La maladie de Vaquez est-elle un cancer ?

La polycythémie vera (PV) ou la maladie de Vaquez (une autre ancienne dénomination était la maladie de Diglielmo) fait partie d’un groupe de maladies appelées néoplasmes myéloprolifératifs (MPN), qui sont des maladies chroniques rares du sang malin. Une caractéristique du MPN est la surproduction de diverses cellules sanguines. Par le passé, la maladie avait très peu d’options pharmacologiques disponibles. Le principal médicament utilisé était la phényl-hydrazine, qui a un pouvoir hémolytique et simplement réduit la numération des globules rouges sans résoudre le problème à la racine, à savoir la moelle osseuse. Une autre option comprend encore l’hydroxyurée, plus tolérée. Après la découverte de l’atteinte de la mutation JAK2 V617F, l’option d’inhibiteurs natifs de JAK2 ou de forme mutée, comme le ruxolitinib, a été introduite. Un succès thérapeutique soutenu peut être obtenu par l’administration de médicaments à base d’interféron alpha (iNa), ce qui peut éliminer clone cellulaire muté et sont capables de limiter de façon permanente la croissance des cellules malignes. Cependant, le traitement n’est pas le même succès chez tous les patients, pour des raisons non encore comprises.
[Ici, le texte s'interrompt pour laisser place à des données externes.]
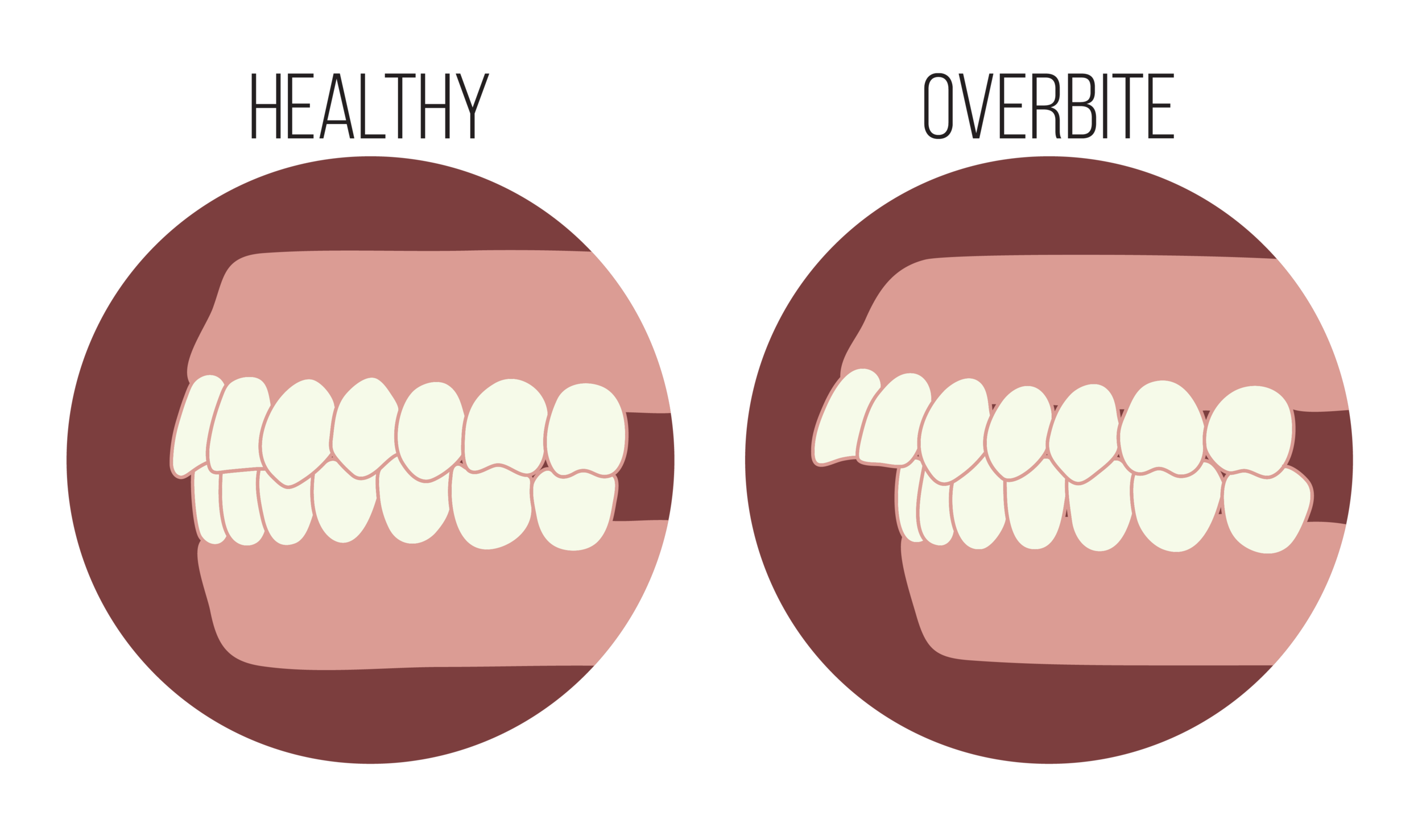 How To Fix Overbite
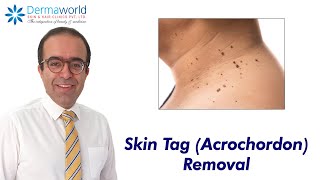 Skin Tag Acrochordon Removal  Dr Rohit Batra [upl. by Chaffin106]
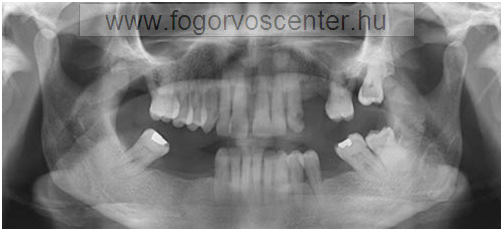 gingivitis, parodontitis, kamenca, zubnog kamenca, Čišćenje zubnog kamenca i poliranje, virovitica, osijek, pecuh, beli manastir, siklos, mohacs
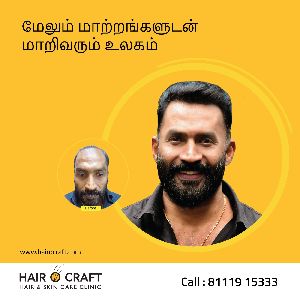 Hair Transplantation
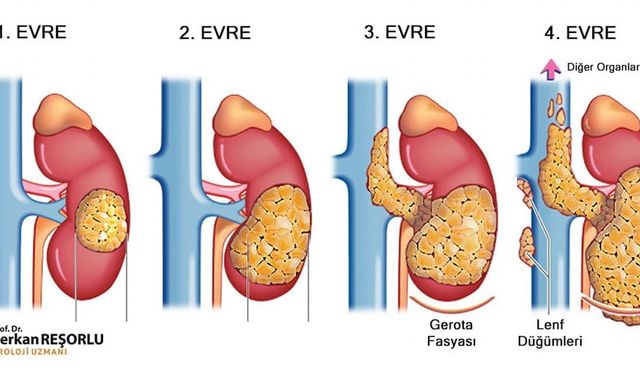 Böbrek kanserinde erken teşhis çok önemli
Un groupe de recherche dirigé par Robert Kralovics du Département de médecine de laboratoire de Meduni Vienna et le CEMM a maintenant mené des études d’association génétique qui démontrent que les patients présentant certaines variantes d’ADN couramment présentes dans la population ne répondent pas suffisamment à traitement. Par conséquent, la détermination personnalisée des facteurs génétiques peut conduire à de meilleures formes de traitement. L’étude a été publiée dans le magazine principal « Blood ». Jusqu’à présent, rien n’expliquait pourquoi les patients réagissaient différemment au traitement, bien que d’autres maladies sachent que les facteurs génétiques peuvent jouer un rôle crucial. Le groupe de recherche dirigé par le biologiste Robert Kralovics moléculaire du Département de médecine de laboratoire de Meduni Vienne et le Centre de recherche CEM pour la médecine moléculaire de l’Académie autrichienne des sciences a maintenant étudié un traitement d’effet possible des variantes d’ADN héréditaires chez les patients atteints de PV en raison du nouveau médicament de ropeginterféron alfa-2b dans le contexte des essais cliniques.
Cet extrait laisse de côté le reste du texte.